Exercise:
Restate word for word the lines that begin the listing and end with the line holding "HLDD HANDLANDY Batting".

Source material:
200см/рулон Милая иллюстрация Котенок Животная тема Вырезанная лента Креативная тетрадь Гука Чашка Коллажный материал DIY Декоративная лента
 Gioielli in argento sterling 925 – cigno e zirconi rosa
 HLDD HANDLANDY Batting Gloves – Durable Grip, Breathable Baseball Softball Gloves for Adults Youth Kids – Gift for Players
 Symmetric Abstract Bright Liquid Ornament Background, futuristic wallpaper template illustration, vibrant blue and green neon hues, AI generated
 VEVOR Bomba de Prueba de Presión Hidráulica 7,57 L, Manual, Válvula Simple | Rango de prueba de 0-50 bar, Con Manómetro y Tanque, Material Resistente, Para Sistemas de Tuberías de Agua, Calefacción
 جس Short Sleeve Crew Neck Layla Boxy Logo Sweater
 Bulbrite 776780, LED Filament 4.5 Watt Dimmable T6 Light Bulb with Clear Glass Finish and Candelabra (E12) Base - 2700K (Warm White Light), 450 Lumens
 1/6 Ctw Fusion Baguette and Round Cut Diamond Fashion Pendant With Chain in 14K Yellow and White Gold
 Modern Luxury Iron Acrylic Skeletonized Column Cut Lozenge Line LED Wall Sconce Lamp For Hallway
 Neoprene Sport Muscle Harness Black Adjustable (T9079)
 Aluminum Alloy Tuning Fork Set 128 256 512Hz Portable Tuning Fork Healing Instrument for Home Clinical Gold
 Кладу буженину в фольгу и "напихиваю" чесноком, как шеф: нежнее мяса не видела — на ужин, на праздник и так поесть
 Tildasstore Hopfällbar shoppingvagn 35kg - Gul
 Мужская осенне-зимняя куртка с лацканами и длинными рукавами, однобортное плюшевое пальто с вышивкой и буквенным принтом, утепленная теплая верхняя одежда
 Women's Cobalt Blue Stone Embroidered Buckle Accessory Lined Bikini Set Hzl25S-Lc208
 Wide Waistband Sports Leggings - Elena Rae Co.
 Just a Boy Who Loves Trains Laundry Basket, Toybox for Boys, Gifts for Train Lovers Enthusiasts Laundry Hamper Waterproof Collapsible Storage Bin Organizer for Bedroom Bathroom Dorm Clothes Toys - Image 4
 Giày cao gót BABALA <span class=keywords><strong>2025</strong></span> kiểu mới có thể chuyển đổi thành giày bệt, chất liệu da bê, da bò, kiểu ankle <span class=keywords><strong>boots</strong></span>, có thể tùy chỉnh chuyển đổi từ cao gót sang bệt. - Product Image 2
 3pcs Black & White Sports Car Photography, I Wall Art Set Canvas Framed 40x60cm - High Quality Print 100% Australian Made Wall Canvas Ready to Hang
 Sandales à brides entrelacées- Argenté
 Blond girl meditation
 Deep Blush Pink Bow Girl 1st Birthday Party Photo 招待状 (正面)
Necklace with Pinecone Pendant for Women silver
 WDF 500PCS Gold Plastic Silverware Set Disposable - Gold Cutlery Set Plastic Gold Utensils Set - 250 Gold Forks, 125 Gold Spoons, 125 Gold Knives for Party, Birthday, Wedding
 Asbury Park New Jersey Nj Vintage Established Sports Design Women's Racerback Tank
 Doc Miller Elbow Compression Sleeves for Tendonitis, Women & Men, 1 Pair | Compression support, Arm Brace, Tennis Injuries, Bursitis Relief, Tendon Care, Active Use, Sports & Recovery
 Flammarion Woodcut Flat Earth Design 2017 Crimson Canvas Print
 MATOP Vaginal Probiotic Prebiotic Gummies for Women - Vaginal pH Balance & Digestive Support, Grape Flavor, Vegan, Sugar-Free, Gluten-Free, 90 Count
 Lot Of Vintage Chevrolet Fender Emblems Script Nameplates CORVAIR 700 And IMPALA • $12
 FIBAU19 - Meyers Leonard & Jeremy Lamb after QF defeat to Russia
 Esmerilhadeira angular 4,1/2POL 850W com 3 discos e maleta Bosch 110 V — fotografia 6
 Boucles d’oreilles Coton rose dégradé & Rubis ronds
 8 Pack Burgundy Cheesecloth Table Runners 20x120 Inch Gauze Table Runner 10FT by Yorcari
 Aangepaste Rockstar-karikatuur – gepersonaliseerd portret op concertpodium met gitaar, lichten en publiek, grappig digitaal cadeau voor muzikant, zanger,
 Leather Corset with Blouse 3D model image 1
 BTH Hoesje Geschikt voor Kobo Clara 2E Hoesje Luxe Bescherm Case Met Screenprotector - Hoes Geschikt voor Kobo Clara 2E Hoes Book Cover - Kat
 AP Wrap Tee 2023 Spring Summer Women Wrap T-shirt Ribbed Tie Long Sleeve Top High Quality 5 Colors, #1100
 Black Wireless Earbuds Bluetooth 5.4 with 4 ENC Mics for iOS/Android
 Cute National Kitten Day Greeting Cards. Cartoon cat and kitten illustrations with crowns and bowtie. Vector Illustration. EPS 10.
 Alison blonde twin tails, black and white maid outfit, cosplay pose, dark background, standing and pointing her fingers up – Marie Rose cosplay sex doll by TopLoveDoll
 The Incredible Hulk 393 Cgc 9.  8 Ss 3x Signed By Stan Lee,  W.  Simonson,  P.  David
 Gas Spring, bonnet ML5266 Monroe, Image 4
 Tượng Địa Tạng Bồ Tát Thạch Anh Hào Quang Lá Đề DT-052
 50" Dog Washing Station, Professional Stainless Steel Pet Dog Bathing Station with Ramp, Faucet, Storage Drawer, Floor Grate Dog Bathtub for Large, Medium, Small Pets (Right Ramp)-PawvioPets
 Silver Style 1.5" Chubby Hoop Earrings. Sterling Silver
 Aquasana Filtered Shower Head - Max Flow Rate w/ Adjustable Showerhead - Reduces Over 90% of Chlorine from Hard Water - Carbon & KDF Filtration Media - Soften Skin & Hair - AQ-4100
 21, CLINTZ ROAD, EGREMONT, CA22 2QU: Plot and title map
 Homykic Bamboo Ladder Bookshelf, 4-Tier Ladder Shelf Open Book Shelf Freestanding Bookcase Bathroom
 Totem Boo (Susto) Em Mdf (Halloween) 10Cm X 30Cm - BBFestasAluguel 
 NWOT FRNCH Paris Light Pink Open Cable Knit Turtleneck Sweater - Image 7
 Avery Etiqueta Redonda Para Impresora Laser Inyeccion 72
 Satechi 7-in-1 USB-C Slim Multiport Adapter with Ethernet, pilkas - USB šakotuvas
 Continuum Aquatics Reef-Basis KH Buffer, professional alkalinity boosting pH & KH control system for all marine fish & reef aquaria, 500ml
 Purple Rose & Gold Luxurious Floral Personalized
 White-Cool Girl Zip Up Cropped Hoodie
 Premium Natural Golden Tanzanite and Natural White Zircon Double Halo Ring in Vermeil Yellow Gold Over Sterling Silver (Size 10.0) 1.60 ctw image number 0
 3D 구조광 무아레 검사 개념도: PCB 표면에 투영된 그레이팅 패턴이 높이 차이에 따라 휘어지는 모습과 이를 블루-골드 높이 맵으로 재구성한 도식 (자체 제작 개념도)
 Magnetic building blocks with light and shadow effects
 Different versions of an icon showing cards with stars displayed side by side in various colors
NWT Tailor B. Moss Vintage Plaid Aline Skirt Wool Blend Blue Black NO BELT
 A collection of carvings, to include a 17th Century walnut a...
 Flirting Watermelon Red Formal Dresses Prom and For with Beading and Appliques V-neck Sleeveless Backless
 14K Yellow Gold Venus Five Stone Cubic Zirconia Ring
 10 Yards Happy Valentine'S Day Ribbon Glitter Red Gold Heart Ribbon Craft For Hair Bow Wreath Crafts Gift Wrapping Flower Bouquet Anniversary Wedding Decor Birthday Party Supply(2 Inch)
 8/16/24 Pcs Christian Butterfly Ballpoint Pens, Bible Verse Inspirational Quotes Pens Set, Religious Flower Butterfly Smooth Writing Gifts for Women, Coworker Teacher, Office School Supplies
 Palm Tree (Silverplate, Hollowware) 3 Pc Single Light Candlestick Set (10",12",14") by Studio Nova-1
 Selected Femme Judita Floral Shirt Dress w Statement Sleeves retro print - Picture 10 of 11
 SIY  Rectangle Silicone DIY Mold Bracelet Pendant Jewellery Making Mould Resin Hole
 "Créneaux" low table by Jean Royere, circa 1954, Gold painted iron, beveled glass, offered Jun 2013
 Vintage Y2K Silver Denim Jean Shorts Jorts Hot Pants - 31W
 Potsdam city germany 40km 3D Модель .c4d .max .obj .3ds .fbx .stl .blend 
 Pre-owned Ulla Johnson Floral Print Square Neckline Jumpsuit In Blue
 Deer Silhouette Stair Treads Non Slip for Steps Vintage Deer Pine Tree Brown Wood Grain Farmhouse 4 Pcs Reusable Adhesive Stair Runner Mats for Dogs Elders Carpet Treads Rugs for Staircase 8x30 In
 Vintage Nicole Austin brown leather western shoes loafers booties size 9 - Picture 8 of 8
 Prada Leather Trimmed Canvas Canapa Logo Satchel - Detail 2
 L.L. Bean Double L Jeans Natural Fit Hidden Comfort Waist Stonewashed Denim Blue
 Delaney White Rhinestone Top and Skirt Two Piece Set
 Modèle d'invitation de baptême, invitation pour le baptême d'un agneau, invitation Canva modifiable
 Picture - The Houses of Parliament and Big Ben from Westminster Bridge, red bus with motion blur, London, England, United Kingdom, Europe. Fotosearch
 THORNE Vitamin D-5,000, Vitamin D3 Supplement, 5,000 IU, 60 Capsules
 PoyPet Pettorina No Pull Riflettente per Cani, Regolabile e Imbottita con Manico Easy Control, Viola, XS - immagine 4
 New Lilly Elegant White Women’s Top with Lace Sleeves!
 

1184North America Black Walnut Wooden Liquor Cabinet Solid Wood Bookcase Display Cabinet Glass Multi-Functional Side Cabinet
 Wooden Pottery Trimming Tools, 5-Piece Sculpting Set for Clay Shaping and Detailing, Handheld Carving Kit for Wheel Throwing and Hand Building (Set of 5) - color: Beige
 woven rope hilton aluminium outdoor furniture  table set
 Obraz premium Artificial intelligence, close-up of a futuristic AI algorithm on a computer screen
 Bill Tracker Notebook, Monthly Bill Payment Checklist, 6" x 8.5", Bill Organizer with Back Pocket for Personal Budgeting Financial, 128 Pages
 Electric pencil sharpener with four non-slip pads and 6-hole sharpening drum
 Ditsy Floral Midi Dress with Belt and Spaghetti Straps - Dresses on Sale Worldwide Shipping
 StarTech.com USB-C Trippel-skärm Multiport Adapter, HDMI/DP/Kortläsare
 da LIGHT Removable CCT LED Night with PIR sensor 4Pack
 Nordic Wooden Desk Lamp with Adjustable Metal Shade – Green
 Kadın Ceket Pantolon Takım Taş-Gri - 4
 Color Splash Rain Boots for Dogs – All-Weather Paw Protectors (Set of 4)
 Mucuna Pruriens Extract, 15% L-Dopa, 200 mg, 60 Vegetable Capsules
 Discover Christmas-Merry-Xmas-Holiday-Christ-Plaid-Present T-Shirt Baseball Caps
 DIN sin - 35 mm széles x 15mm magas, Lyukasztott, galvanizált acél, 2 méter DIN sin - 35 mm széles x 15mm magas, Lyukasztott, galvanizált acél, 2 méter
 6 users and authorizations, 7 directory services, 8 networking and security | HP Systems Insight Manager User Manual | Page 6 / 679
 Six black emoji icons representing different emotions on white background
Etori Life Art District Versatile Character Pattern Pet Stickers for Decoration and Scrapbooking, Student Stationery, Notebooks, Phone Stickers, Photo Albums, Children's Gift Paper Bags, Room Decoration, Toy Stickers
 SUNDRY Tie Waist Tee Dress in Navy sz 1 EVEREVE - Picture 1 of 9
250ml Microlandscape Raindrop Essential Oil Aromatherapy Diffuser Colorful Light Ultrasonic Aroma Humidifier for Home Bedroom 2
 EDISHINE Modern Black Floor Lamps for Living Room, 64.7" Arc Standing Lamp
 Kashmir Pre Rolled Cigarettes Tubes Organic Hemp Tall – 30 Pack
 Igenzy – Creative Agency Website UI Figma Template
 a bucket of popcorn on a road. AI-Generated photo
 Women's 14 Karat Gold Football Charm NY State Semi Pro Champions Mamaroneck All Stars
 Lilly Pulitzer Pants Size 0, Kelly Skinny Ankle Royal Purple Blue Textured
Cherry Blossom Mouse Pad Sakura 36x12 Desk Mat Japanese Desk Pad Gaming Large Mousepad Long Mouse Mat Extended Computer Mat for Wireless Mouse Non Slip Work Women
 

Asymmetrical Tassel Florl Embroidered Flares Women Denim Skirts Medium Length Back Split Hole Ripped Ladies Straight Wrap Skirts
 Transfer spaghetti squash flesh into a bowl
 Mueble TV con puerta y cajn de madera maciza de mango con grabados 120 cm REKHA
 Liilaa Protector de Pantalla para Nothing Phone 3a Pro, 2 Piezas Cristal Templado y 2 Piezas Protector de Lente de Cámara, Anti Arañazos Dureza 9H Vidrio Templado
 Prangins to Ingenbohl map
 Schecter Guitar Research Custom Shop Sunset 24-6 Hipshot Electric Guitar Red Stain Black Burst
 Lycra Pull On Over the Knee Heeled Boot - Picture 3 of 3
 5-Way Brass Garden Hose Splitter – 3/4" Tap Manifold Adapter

Output for this exercise:
200см/рулон Милая иллюстрация Котенок Животная тема Вырезанная лента Креативная тетрадь Гука Чашка Коллажный материал DIY Декоративная лента
 Gioielli in argento sterling 925 – cigno e zirconi rosa
 HLDD HANDLANDY Batting Gloves – Durable Grip, Breathable Baseball Softball Gloves for Adults Youth Kids – Gift for Players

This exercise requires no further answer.